▶ **Task requirements**
Produce an exact copy of the first line of the data below and each line after it, please, up to and including the one with "Female hands hold".

Dataset records
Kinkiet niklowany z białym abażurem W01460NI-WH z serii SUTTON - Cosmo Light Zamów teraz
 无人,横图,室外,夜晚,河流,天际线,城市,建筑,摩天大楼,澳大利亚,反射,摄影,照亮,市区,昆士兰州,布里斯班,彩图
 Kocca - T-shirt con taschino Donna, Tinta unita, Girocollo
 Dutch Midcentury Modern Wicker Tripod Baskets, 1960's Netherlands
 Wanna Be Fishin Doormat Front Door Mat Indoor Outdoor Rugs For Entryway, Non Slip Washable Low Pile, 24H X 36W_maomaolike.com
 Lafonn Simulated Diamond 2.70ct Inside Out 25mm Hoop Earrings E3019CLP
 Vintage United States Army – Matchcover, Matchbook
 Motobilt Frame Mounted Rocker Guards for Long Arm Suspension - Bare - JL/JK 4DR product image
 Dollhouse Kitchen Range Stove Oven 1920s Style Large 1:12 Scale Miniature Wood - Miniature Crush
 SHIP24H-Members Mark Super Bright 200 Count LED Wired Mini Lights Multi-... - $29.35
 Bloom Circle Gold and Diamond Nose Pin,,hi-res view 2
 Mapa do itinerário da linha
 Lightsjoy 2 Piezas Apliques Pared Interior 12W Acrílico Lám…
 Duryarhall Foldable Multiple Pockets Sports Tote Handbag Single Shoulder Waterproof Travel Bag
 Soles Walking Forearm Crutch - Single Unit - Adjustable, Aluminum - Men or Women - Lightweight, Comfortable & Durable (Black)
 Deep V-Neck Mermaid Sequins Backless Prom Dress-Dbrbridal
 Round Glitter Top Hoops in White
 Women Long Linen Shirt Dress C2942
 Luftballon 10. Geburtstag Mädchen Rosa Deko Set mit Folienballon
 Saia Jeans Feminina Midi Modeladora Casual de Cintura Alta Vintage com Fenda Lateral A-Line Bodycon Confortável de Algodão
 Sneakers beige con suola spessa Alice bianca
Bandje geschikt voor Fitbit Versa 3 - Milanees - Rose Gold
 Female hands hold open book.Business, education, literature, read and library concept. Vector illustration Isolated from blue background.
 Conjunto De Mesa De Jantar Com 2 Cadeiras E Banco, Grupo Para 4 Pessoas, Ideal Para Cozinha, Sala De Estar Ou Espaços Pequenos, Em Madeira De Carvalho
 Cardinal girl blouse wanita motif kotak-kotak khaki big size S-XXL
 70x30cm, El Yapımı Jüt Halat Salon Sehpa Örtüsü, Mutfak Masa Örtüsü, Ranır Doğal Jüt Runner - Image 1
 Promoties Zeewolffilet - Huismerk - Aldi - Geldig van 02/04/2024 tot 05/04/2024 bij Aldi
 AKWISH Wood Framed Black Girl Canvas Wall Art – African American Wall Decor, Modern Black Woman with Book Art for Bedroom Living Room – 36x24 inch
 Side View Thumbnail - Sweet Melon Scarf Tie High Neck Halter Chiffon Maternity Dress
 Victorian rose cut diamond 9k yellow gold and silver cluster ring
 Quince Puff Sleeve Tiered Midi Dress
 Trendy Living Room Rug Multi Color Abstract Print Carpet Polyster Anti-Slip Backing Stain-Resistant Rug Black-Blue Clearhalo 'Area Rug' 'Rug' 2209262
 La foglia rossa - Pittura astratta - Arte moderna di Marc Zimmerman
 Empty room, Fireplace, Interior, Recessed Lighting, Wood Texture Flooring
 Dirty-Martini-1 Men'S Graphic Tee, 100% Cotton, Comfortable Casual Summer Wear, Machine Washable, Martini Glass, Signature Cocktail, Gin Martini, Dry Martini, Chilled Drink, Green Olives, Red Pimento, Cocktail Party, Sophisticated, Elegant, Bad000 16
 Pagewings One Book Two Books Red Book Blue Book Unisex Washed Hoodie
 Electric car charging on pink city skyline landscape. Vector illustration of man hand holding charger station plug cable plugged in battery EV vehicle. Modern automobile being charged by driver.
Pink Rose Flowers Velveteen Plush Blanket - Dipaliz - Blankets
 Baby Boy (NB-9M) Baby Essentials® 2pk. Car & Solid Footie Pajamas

▶ **Result of this task**
Kinkiet niklowany z białym abażurem W01460NI-WH z serii SUTTON - Cosmo Light Zamów teraz
 无人,横图,室外,夜晚,河流,天际线,城市,建筑,摩天大楼,澳大利亚,反射,摄影,照亮,市区,昆士兰州,布里斯班,彩图
 Kocca - T-shirt con taschino Donna, Tinta unita, Girocollo
 Dutch Midcentury Modern Wicker Tripod Baskets, 1960's Netherlands
 Wanna Be Fishin Doormat Front Door Mat Indoor Outdoor Rugs For Entryway, Non Slip Washable Low Pile, 24H X 36W_maomaolike.com
 Lafonn Simulated Diamond 2.70ct Inside Out 25mm Hoop Earrings E3019CLP
 Vintage United States Army – Matchcover, Matchbook
 Motobilt Frame Mounted Rocker Guards for Long Arm Suspension - Bare - JL/JK 4DR product image
 Dollhouse Kitchen Range Stove Oven 1920s Style Large 1:12 Scale Miniature Wood - Miniature Crush
 SHIP24H-Members Mark Super Bright 200 Count LED Wired Mini Lights Multi-... - $29.35
 Bloom Circle Gold and Diamond Nose Pin,,hi-res view 2
 Mapa do itinerário da linha
 Lightsjoy 2 Piezas Apliques Pared Interior 12W Acrílico Lám…
 Duryarhall Foldable Multiple Pockets Sports Tote Handbag Single Shoulder Waterproof Travel Bag
 Soles Walking Forearm Crutch - Single Unit - Adjustable, Aluminum - Men or Women - Lightweight, Comfortable & Durable (Black)
 Deep V-Neck Mermaid Sequins Backless Prom Dress-Dbrbridal
 Round Glitter Top Hoops in White
 Women Long Linen Shirt Dress C2942
 Luftballon 10. Geburtstag Mädchen Rosa Deko Set mit Folienballon
 Saia Jeans Feminina Midi Modeladora Casual de Cintura Alta Vintage com Fenda Lateral A-Line Bodycon Confortável de Algodão
 Sneakers beige con suola spessa Alice bianca
Bandje geschikt voor Fitbit Versa 3 - Milanees - Rose Gold
 Female hands hold open book.Business, education, literature, read and library concept. Vector illustration Isolated from blue background.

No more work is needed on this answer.